The legal system has not been silent on this problem. The tort of intentional interference with inheritance—endorsed by the Restatement (Third) of Torts and accepted by nearly half the states—gives the decedent’s intended beneficiaries a cause of action against wrongdoers who encroach upon property the beneficiaries should receive. In addition, many states criminalize some relevant misconduct, either through specific offenses covering the forging of a will or more general provisions concerning the creation of fraudulent documents.
Bennardo and Glover critique this regulatory regime on several grounds. First, they argue that existing civil and criminal solutions do not adequately deter wrongdoing. Criminal penalties do not cover all transgressions, such as undue influence, and civil remedies do not necessarily provide the punitive damages needed for deterrence, given the manner in which probate courts process the relevant tort. Second, there are theoretical problems with defining the harm in these situations, as the frames of property or economic interference do not fully capture the phenomenon under consideration. Third, donative intent and the worst evidence problem are central to resolving these types of cases, but neither of the available actions in tort or criminal law were designed to resolve them effectively.
The authors then introduce a new theoretical frame that they believe will dissolve some of these tensions. Instead of conceptualizing the harm as one against property rights or an expectancy interest, the authors propose understanding the harm as an evidentiary one. Because the will is meant as evidence of donative intent, tampering with such evidence during the life of the testator or after death constitutes a harm against the proper functioning of the probate process. Thus, in their view, we should shift the inquiry from the donative intent of the testator to the criminal intent of the defendant, an inquiry that the criminal law is well-suited to address.
Their reform proposal naturally flows from this theoretical shift, and it is to create a new crime of intentional or willful interference with probate. Bennardo and Glover argue that this new offense is broad enough to encompass a variety of types of interference with probate while avoiding over-prosecution through a high scienter requirement coupled with the traditional high burden of proof of criminal prosecutions. The authors are careful to address other criminal law issues in this section, such as how attempted interference might be understood and how the statute of limitations should operate for the offense, given that the criminal conduct might occur well in the past in the case of a forged will. While not providing a recommendation for punishment, they suggest that sentencing be tied to existing punishment ranges for other evidentiary offenses, such as evidence tampering and perjury.
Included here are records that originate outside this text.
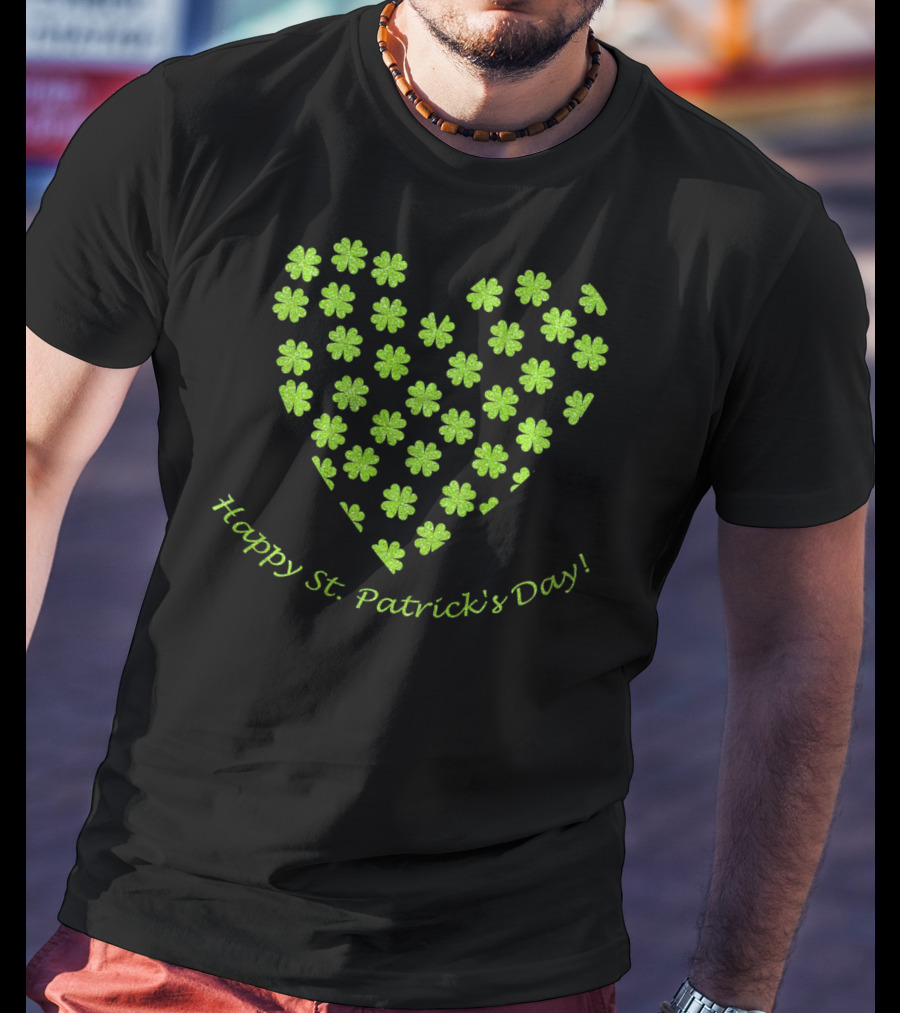 Happy St. Patrick's Day Heart Shamrock T-Shirt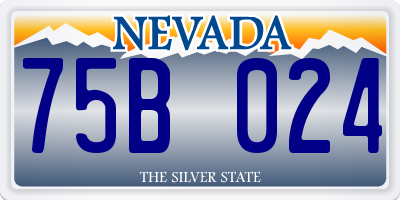 NV license plate 75B024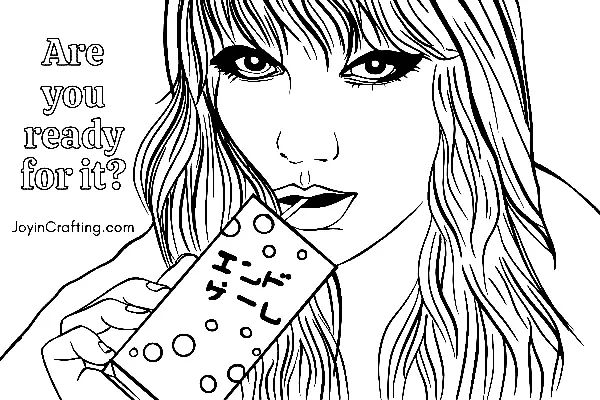 Çocuklar İçin  Ünlüler Taylor-Swift Boyama Sayfaları 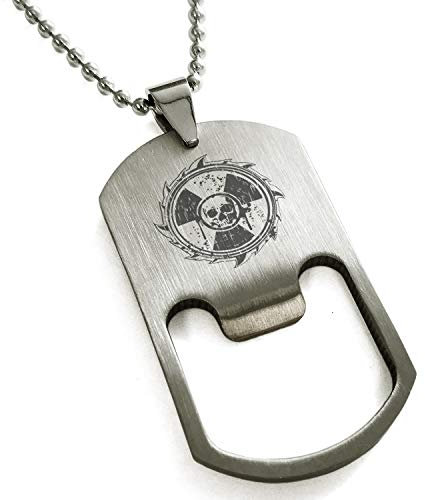 Tioneer Stainless Steel Radioactive Sawblade Skull Engraved Bottle Opener Dog Tag Pendant Necklace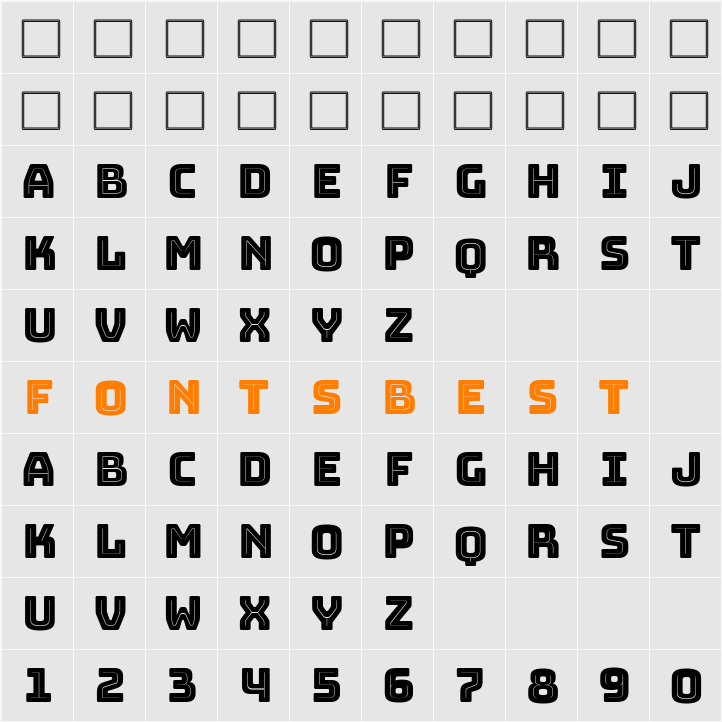 Bungee Inline Character Map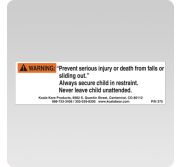 Koala Kare 375 Warning Label For Koala High Chair KOAK-375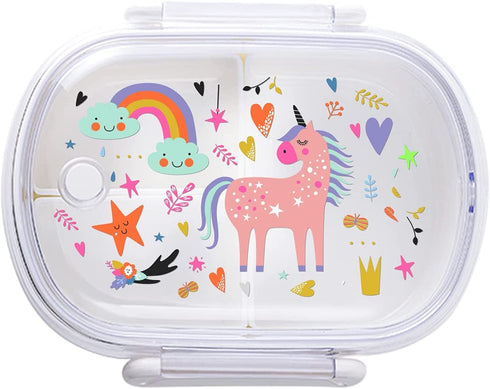 ATEDEANEI Kids Bento Box Lunch Box, Unicorn and Rainbow 3-Compartment Containers for Meal Prepping, BPA-Free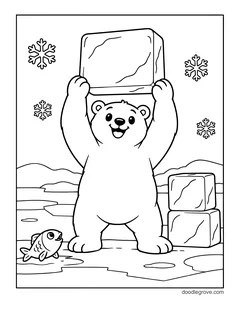 A polar bear lifting a big block of ice over its head next to stacked ice blocks, with a fish and snowflakes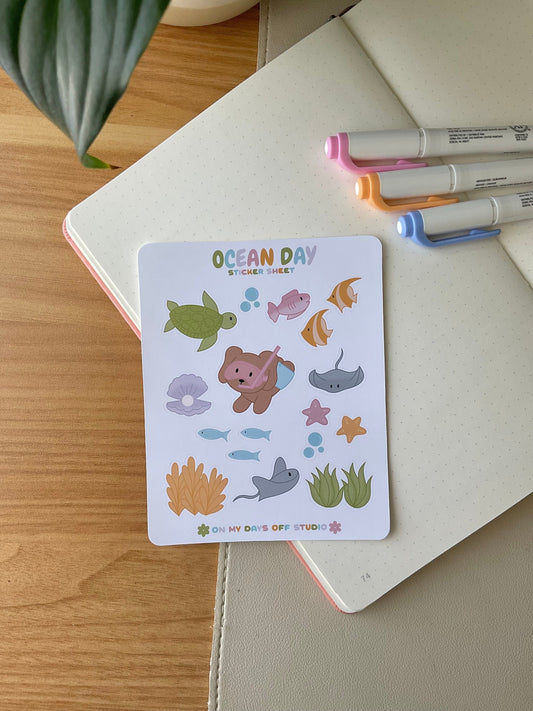 This stationery sticker sheet features a ocean sea animal &amp; snorkeling theme and has 17 colorful illustrations. These illustration include a snorkeling dog, turtle, fishes, sting ray, and other sea creatures / plants. These glossy stickers are perfect for planners and bullet journals.&nbsp;
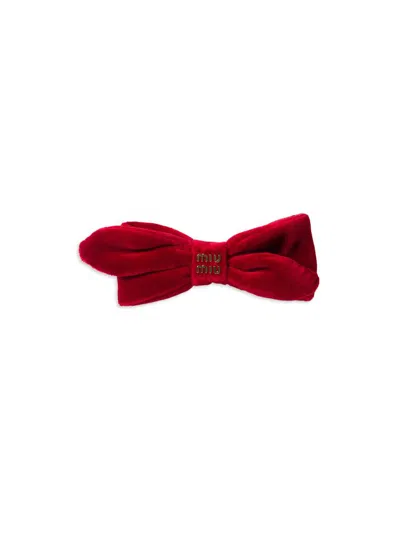 Miu Miu Women's Velvet Hair Clip In Red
This Article left me pondering several issues both inside and outside of inheritance law, which is one of its major strengths. One topic that piqued my interest was the empirics of deterrence in the inheritance law context. Specifically, the authors at several points adopt the traditional law and economics view of the rational actor to reason about the adequacy of deterrence in the current or alternative legal regimes. I wonder whether real life wrongdoers are sufficiently close to this hypothetical rational actor to bear out the analysis. Do they have accurate enough knowledge of the law in this area to perform the calculus described by the authors about the benefits of success, the costs of failure, and the likelihood of success or failure? Further empirical work would help to illuminate this question. In addition, one might be skeptical of extending the criminal law regime, with all of its attendant social costs, without first having a sounder empirical basis for doing so. Regardless, by introducing a new theoretical frame and a concrete reform proposal, this Article represents an advance in both inheritance law theory and doctrine on the important issue of misconduct concerning wills.